Leetcode 3311. Construct 2D Grid Matching Graph Layout

Leetcode 3311. Construct 2D Grid Matching Graph Layout
- 1. 解题思路
- 2. 代码实现

题目链接：3311. Construct 2D Grid Matching Graph Layout

1. 解题思路

这一题看起来搞定的人不多，不过多半是因为繁琐吧。

这道题思路上其实非常的直接，就是一个递归的方法，我们可以从连接关系当中快速地找到所有的角节点，边节点以及内部节点，然后通过角节点和边节点，我们可以还原出矩阵的4条边，然后通过内部节点我们可以使用递归的方法求得其构成的内部矩阵，最后我们将得到的4条边拼接到内部矩阵的外侧即可。

整体来说，我们可以将函数抽象为4步：

找出所有的角节点，边节点以及内部节点
还原矩阵的边
计算内部矩阵
将2中计算得到的边拼接到3中得到的内部矩阵外侧

每一步其实都没有特别复杂，但是会有一些特殊情况，多少会有些复杂和繁琐。
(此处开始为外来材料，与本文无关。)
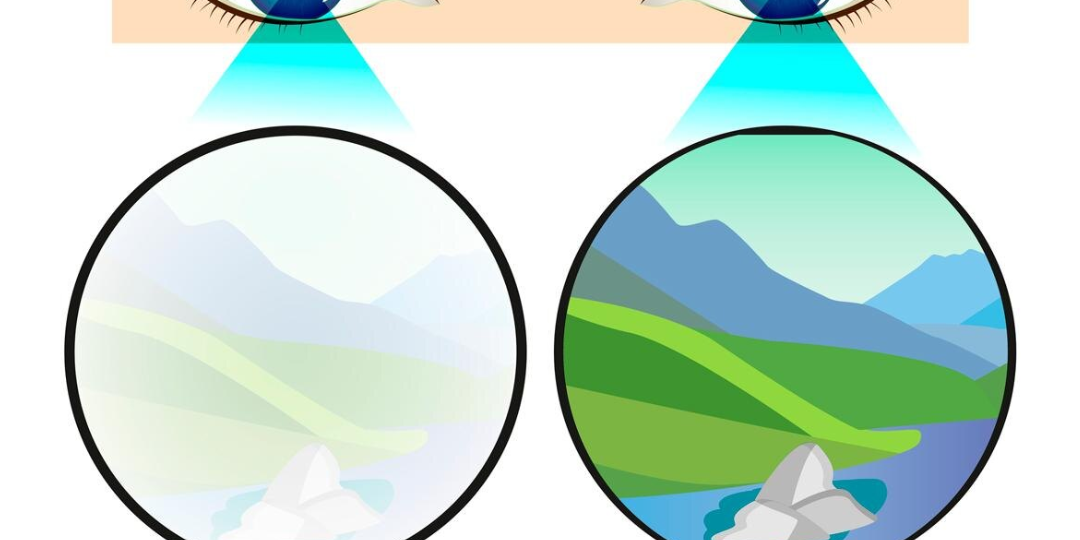 Почему один глаз может видеть хуже другого?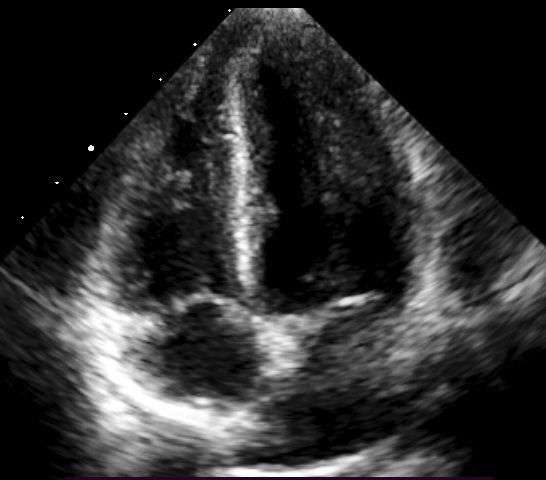 ecocardiografia cardiología pediátrica Arequipa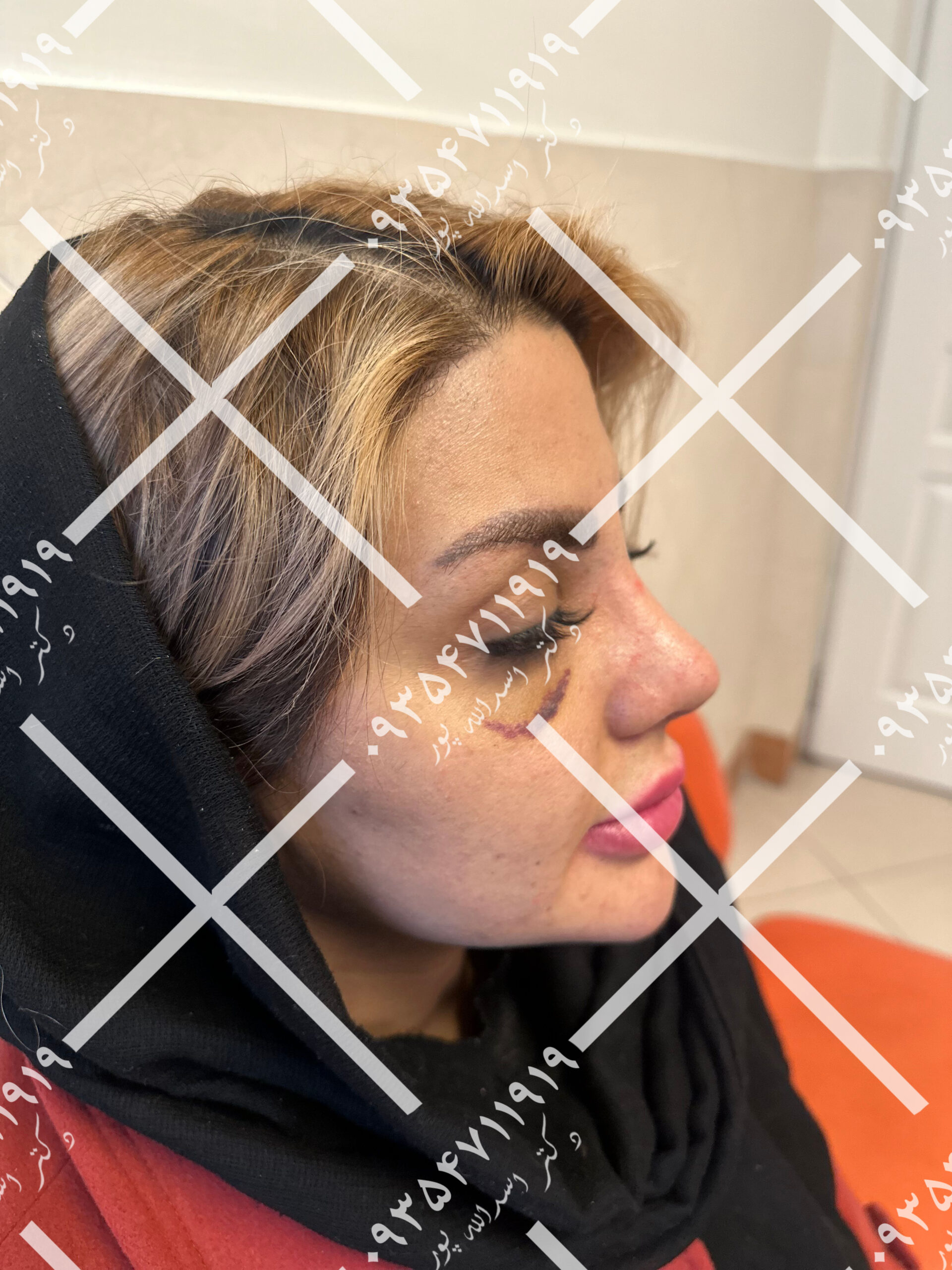 نمونه عمل نیمه فانتزی دکتر اسدالله پور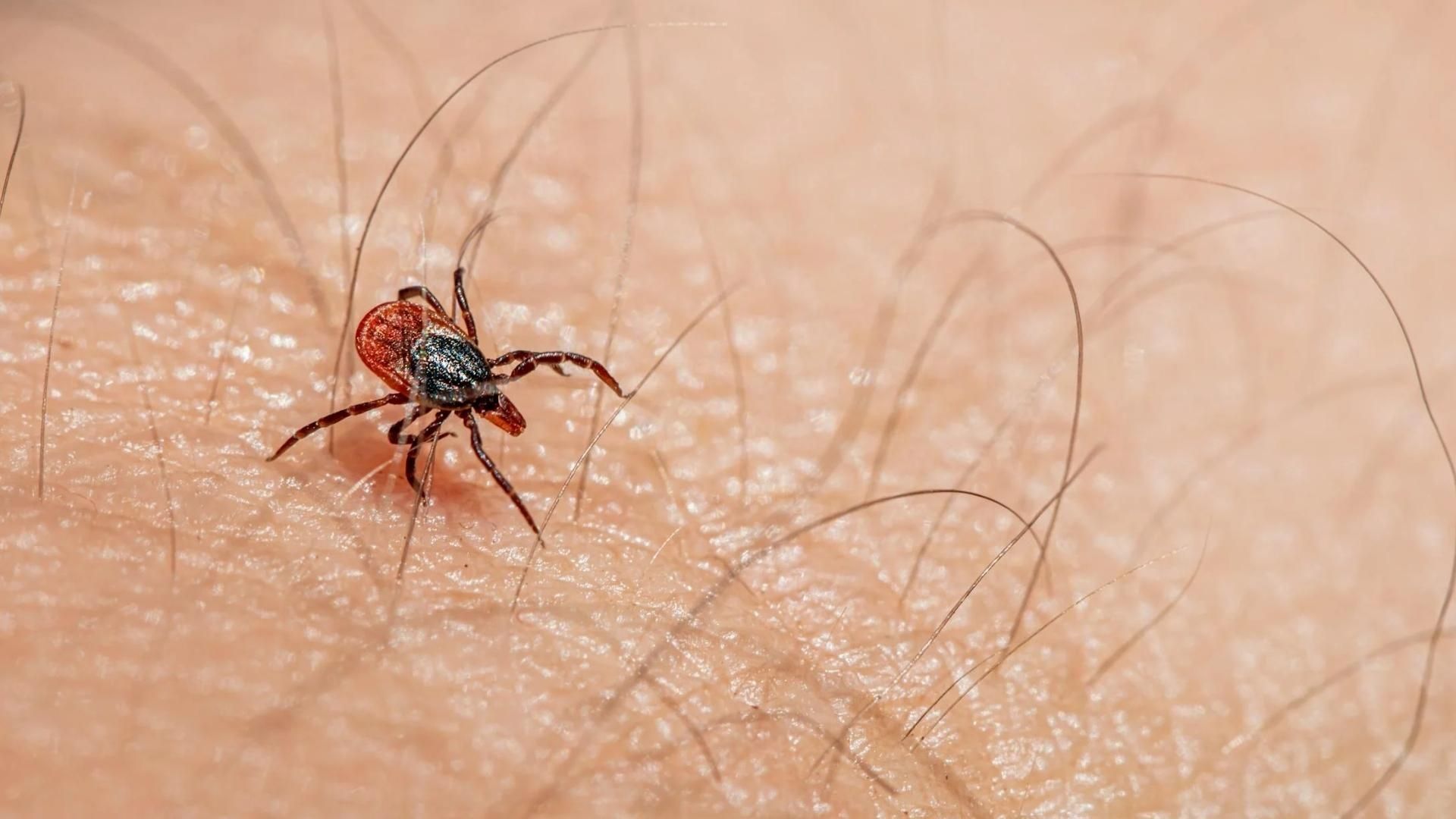 Confirman 27 casos de rickettsiosis en Chihuahua; van 10 defunciones | Foto: Pexels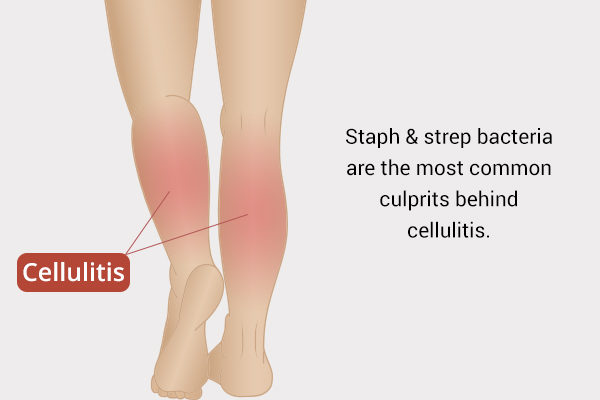 what causes cellulitis?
比如说：

找角节点，边节点以及内部节点的时候，通常情况下其度数分别为2、3、4，不过如果矩阵仅一行，那么其对应的度数就是1、2、3，而如果矩阵仅一个点，那么其度数只有1。
还原矩阵的边的时候，通常矩阵有4条边，每条边除端节点之外均为边节点，且相互间不关联。但是如果矩阵只有1行或者两行，上述说法就会有一点问题，需要单独考虑一下。
如果矩阵只有1行或者两行，那么他是没有内部矩阵的，因此我们直接对齐矩阵的边然后返回即可；
拼接矩阵的边的时候，需要首先对齐找到矩阵的4条边的上下左右位置关系，然后进行拼接。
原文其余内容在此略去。